The problem is, I personally don't like it when you think a blog is going to be about one thing and ends up being about something else entirely, or worse, seems to be about nothing in particular. I mean, if I don't see the point of a given blog in like two seconds, I say screw it and go play with Tebow instead. This world is ADD-inducing enough.

But therein lies the dilemma: isn't talking about other things actually related to Kukd, because it's part of the KuKd healing process? Isn't dwelling SOLELY on KuKd rather counterproductive, if not downright irritating? I'm sort of irritating myself with all this KuKd talk. And yet, will talking about other things give my reader ADD?

I'm going to gamble that it's OK for me to touch on other topics, to not connect every single little life experience and observation with stillbirth and miscarriage in some way. And if a few people get ADD from my blog, I wish them well. So there's my epiphany.


Next, the poem, which K wrote on his blog but I'll add here, to kick off my whole not-dwelling-on-KuKd identity transformation in the blogosphere:

Riding through Slovakia, I’m in a famished mood.
The villages are cute and all, but don’t have any food.
I really want a burger with a side of tater tots.
Or a chicken-fried schnitzel, wrapped in bacon, lots and lots.
There’s one little shop that might have food. It’s hard to tell.
But the doors are shut and locked. On a Tuesday? What the hell?
There’s a place across the street with tables and some chairs.
I ask if they have food, but all I get are mean stares.
I rummage through my bag again to see if food is there,
But all I find are breadcrumbs and some dirty underwear.
When we cross the Danube, I’m going to find some meat.
Because only one thing’s certain: southern Slovaks do not eat!

Saturday, August 2, 2008

A Timeline of Healing: Two (or so) Years of KuKd





3 Weeks After KuKd #1: Biking in Canada. What? My crotch can handle this, all while I'm convinced that I have brain cancer AND just delivered a 16-week fetus? Um, okay. I'll believe it when we get there.





3 Months After KuKd #1: Dance Party! Beer plus getting my freak on with K equals happiness. My brain cancer scare is over, for now.












4 months after KuKd#1, visiting with my sister-in-law and nephew. She made a baby; why can't I? I think my ovaries are rotting.




11 months after KuKd #1. Knocked Up Again. Woo-hoo!

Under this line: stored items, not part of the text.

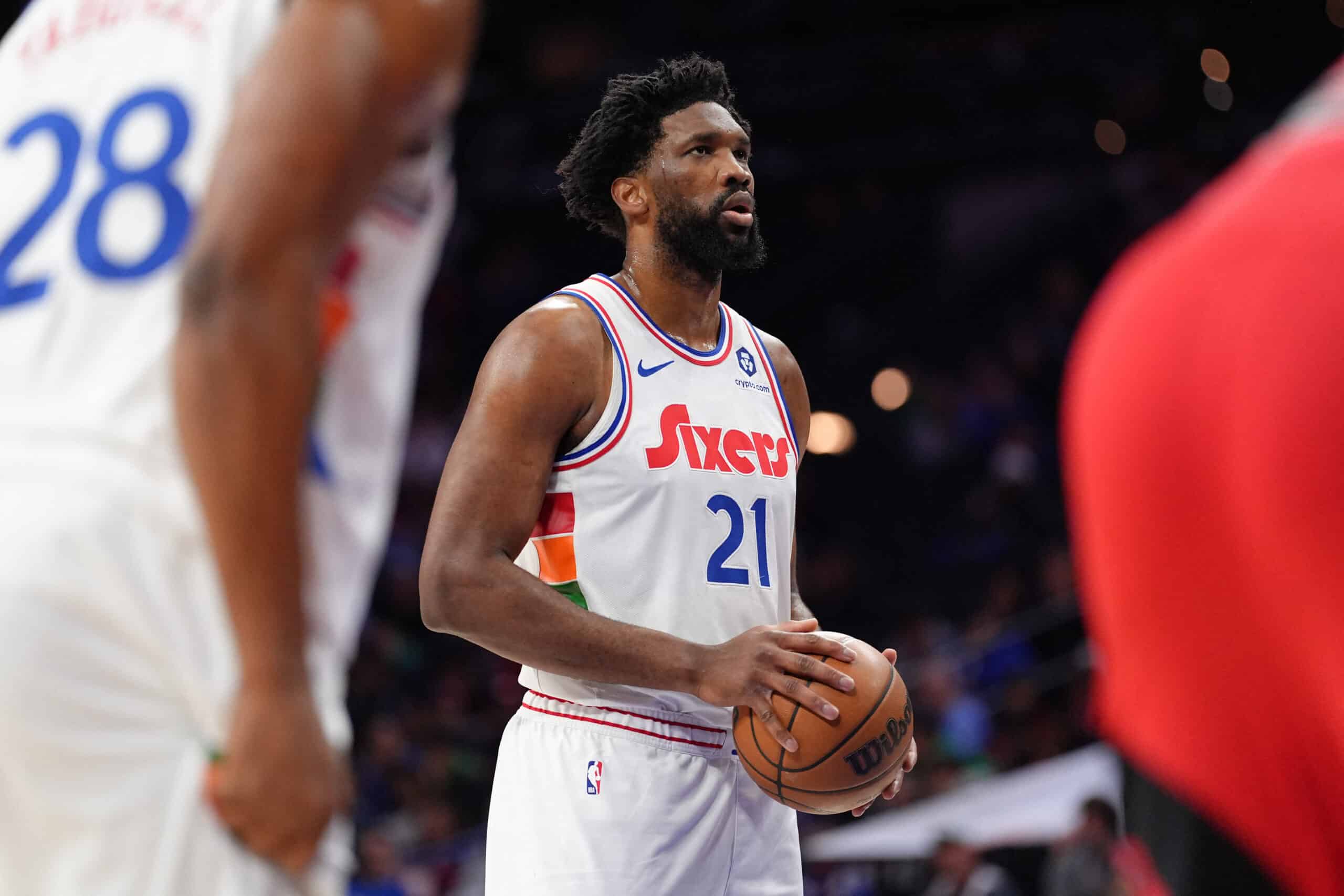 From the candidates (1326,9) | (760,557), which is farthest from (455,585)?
(1326,9)

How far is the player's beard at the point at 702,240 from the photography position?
3.65 m

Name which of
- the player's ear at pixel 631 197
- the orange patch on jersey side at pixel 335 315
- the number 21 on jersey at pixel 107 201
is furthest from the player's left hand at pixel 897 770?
the number 21 on jersey at pixel 107 201

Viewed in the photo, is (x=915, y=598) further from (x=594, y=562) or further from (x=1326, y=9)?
(x=594, y=562)

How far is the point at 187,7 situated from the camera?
1.88 metres

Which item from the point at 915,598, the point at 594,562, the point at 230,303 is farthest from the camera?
the point at 915,598

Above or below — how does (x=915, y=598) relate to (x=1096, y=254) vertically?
below

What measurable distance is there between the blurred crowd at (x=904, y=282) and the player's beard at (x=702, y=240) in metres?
7.85

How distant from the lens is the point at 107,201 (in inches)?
70.4

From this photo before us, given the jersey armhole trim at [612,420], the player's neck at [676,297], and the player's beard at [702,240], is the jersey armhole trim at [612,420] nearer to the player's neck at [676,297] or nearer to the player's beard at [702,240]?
the player's neck at [676,297]

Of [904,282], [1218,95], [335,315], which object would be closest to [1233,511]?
[335,315]

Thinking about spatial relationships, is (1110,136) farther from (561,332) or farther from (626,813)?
(626,813)

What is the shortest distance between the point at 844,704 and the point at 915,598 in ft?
35.9

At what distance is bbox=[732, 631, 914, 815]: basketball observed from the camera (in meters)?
2.98

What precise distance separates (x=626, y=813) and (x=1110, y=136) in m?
13.4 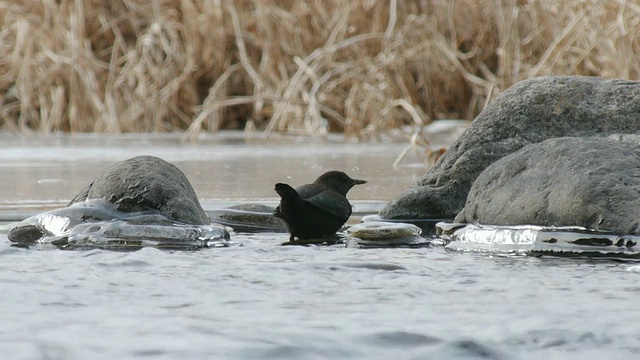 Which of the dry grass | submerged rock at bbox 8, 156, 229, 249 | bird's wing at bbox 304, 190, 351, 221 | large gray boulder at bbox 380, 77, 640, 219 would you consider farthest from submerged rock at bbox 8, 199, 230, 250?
the dry grass

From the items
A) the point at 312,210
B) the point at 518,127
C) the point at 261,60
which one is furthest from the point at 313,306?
the point at 261,60

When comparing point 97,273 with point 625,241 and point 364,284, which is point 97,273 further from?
point 625,241

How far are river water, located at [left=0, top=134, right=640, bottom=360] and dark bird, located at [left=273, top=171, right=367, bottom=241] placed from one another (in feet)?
0.32

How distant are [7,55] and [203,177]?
5.32 m

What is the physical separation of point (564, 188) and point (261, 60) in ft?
22.0

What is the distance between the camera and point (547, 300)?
2230 millimetres

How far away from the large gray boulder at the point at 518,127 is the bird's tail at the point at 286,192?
661mm

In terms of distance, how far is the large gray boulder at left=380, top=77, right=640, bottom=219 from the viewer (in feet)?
12.7

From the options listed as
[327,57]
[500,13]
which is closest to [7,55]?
[327,57]

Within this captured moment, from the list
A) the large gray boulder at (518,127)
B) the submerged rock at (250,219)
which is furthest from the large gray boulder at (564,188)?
the submerged rock at (250,219)

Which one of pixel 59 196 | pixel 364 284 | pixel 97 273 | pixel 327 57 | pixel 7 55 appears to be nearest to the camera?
pixel 364 284

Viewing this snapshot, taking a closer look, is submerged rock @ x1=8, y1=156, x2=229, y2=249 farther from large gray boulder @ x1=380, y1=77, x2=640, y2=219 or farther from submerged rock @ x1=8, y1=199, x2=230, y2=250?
large gray boulder @ x1=380, y1=77, x2=640, y2=219

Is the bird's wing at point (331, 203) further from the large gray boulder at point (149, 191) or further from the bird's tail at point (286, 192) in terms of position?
the large gray boulder at point (149, 191)

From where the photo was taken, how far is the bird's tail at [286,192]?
3.18 m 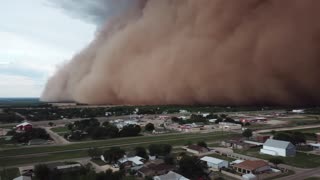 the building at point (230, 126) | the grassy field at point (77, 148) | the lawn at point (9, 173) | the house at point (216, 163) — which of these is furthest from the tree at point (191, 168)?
the building at point (230, 126)

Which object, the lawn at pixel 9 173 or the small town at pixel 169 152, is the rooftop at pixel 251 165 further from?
the lawn at pixel 9 173

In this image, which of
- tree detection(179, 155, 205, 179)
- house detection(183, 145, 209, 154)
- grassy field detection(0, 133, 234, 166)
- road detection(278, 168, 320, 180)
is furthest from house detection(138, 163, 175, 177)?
grassy field detection(0, 133, 234, 166)

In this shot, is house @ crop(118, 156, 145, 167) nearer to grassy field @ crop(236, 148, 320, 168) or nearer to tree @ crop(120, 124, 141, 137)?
grassy field @ crop(236, 148, 320, 168)

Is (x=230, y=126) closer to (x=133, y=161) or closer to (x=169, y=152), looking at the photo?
(x=169, y=152)

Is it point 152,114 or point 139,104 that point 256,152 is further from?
point 139,104

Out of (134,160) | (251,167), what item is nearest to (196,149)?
(134,160) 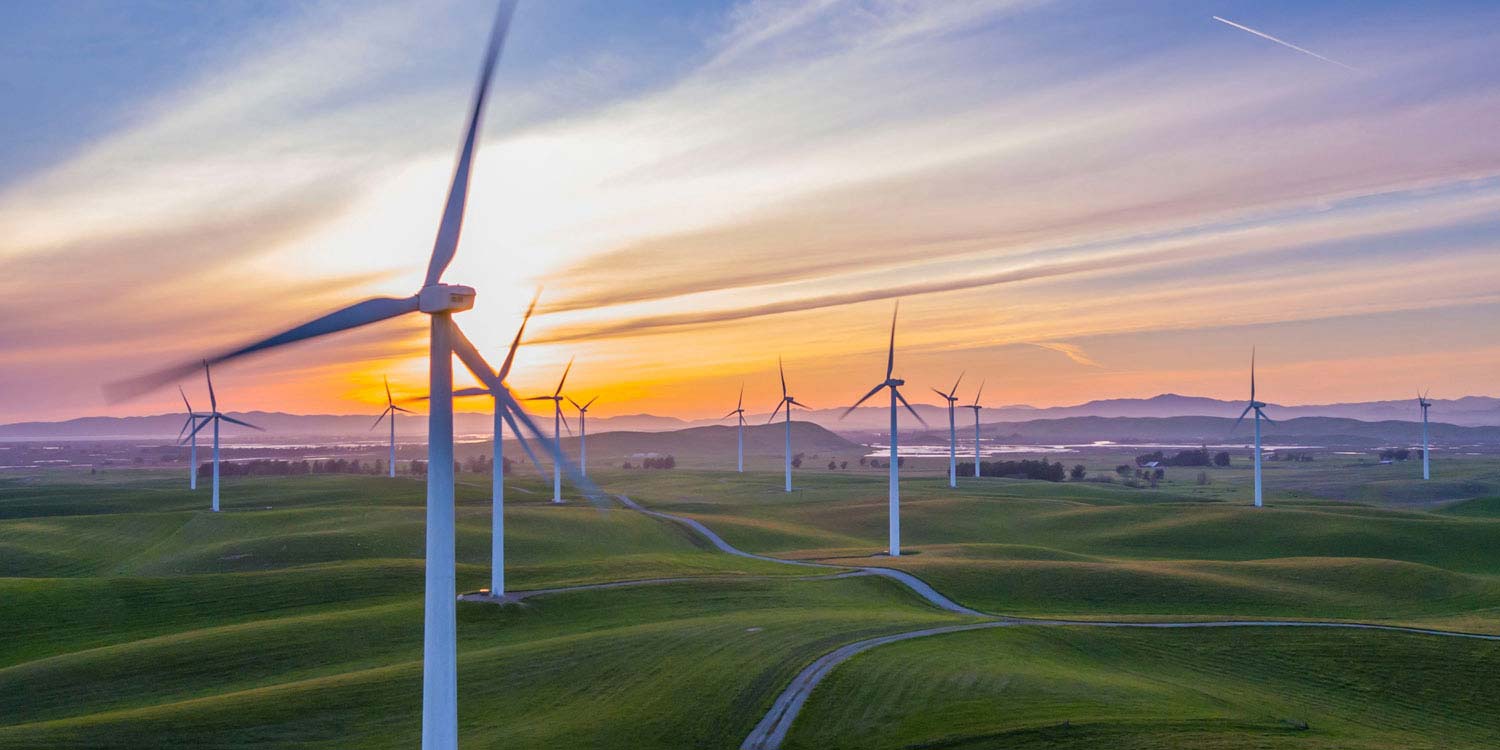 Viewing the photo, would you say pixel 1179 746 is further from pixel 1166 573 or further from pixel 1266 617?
pixel 1166 573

Ovaries and brain are just fine, and I have a carte blanche to spend unlimited money on groceries at Whole Foods. I am SO over KuKd #1. Sorry little boy fetus.






NO FREAKIN' WAY. KuKd#2. Sorry, but these kinds of things don't happen twice, unless you're like, a serial killer and deserve it. We scatter Zach's ashes at Carkeek Park, and host a brunch afterward. I randomly realize that I accidentally got sundried tomato instead of veggie cream cheese for the brunch, and this disturbs me. Sundried tomatoes taste too much like fruit leather. Then I feel guilty about thinking of something so trival right now. It's your baby's freakin' memorial service Monica. Get over the cream cheese.







4 Months Later: Christmas cookies and wine (yum!) with my non-KuKd mommy friends. Holy Ouch, but I did it! Starting to realize: I'm OK. I think.






4.5 Months Later: Garlic Shrimp in Ecuador - HOLY FREAKIN' YUM. Baby or no baby, this sh*t's good.






7 Months Later: California road trip with both my boys and a hefty supply of $3.99 White Zin, my personal favorite. Starting to write my book on the laptop in the car. Life isn't so bad, really, when you have those anti-motion-sickness wristbands from Walgreen's.













Weetabix Cereal. This awesomely unique cereal got me through lots of hard days. Consists of bricks of flaked, compressed wheat. Learning how to add the exact right amount of milk takes finesse and patience, and after lots of post-KuKd practice, I think I've got it. Very British, with the fancy seal inscribed with something like made in honor of the royal queen or some such thing. How cute to honor your royal ruler like that, on a cereal box of all things.




IN CONCLUSION: Life as a KuKd Tribeswoman is full of ups and downs. These are just a few of the ups that have gotten me to where I am now. Sitting beside my honey in a Slovakian Internet cafe, on our way out to have a beer. With no screaming, poopy-arse kid to stop us.